(2018) A sparkling drink, like the duo from Eisberg, made in Germany, in this case from grape must infused with green tea. The result is actually very quaffable, frothy and bright aromas and flavours, plenty of sweetness, but the green tea just giving an earthy, herby, slightly umami character to sit beneath the froth and sweetness into a nice balanced, fresh finish. A good alternative to a light sparkling wine for the driver or tee-totaller.
(2018) This Crémant is made from an alliance of Cabernet Franc and Semillon - certainly an unusual blend of unexpected varieties. Made by the traditional method, it is also on offer at just £8.99 from Ocado until 1st January 2019 - a big factor in making it my choice. Crisp, sherbetty and instantly light and appealing, it could not be more different from the Larmandier-Bernier Champagne tasted alongside, akin to a rather serious Prosecco, with a little more yeastiness, but bags of citrus and apple fruit and a long, clean finish. Dry, not lean or mean, but tightly-drawn, it is a fine inexpensive fizz for the party season at its offer price. One of my two sparkling wine picks for Christmas 2018, watch the video for more information.

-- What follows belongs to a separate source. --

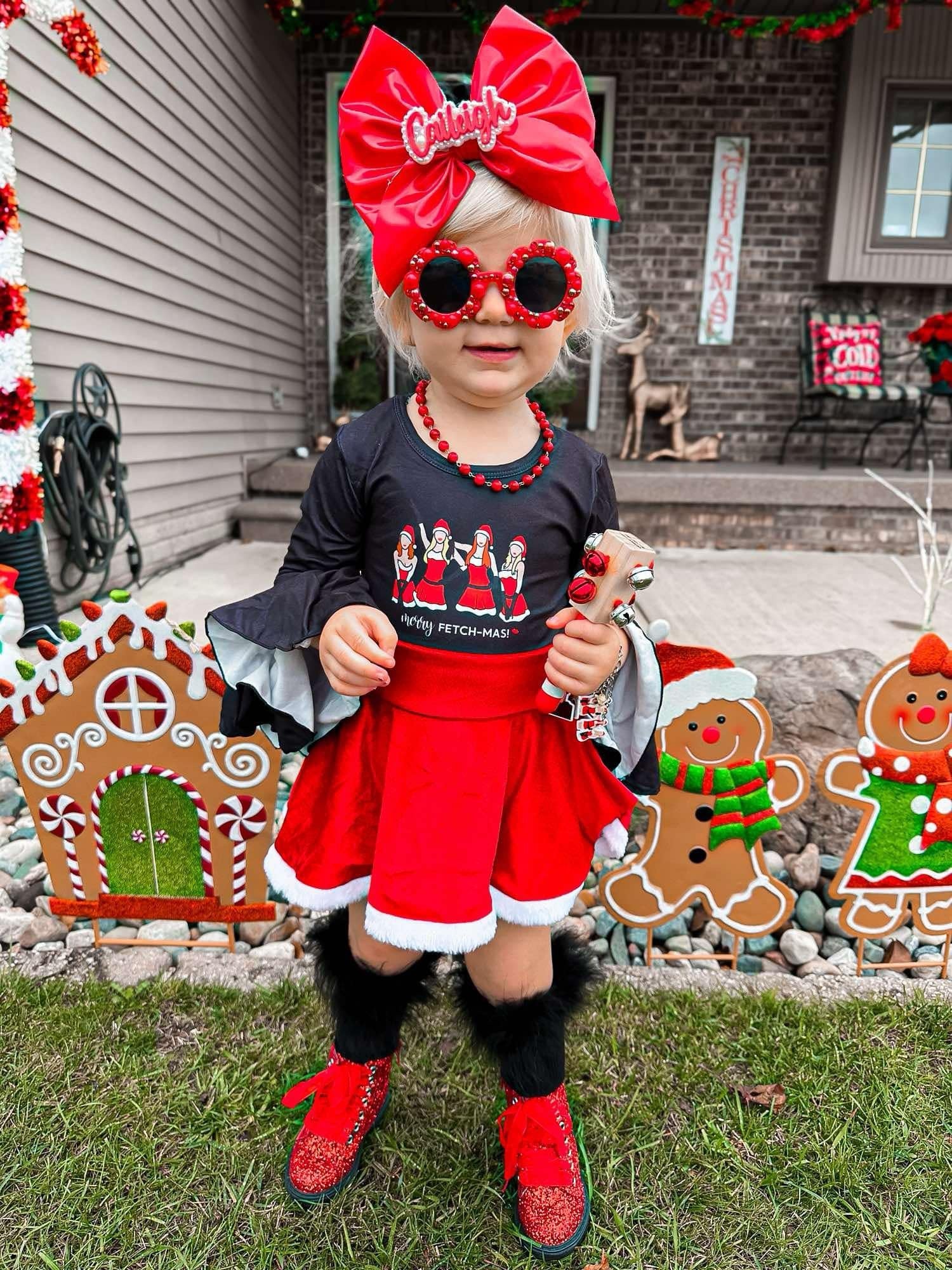 Christmas Fetch Skirted Leo- One Piece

(2018) Selected grapes from the Uco Valley in Mendoza are hand-picked from high altitude vineyards for this bottling, which is aged in French oak for 18 months. Though aromatically not a million miles from the standard Malbec in the range, there is an extra ounce or two of concetration evident, a touch of spice and chocolate from the oak and with swirling a lovely violet lift to the aroma. In the mouth the wine is a much more seductive proposition, the creamy sweetness of the ripe black fruit melting into the vanilla and spice of the oak, more refined tannins for sure, and a nicely balanced finish where some pert black cherry acidity pushes through.
(2018) By all accounts there is a recent surge of interest in France's 'other' sparkling wines, the Crémants from Burgundy, the Loire, Alsace and various other regions, made by the traditional method and normally priced substantially lower than Champagne. This from Alsace is composed mostly of Pinot Blanc and aged nine months on the lees in bottle before disgorgement. Pouring a pale green/gold with a lively mousse, this has baked apple and pastry aromas, a sense of richness, and a touch of lemon peel. On the palate it's pretty straightforward, but it has a fine stone fruit juiciness and ripeness, a bit of weight and creamy texture and a generous finish with the acidity elegantly balanced against the fruit and touch of toastiness.
(2017) Moët et Chandon created their Argentine operation in 1959, so have a 60-year record of making sparkling wines here in Mendoza, this a traditional method blend of Chardonnay and Pinot Noir. It's a delicious and elegant wine, reminding me of some Franciacorta 'Saten' wines, dominated by creamy, fuller-bodied Chardonnay fruit and with a silkiness to the mousse and texture. Add a soft but persistent acidity and it's a classy Champagne lookalike at a very decent price on Majestic's promotional offer of £13.49 when you buy six (at time of review).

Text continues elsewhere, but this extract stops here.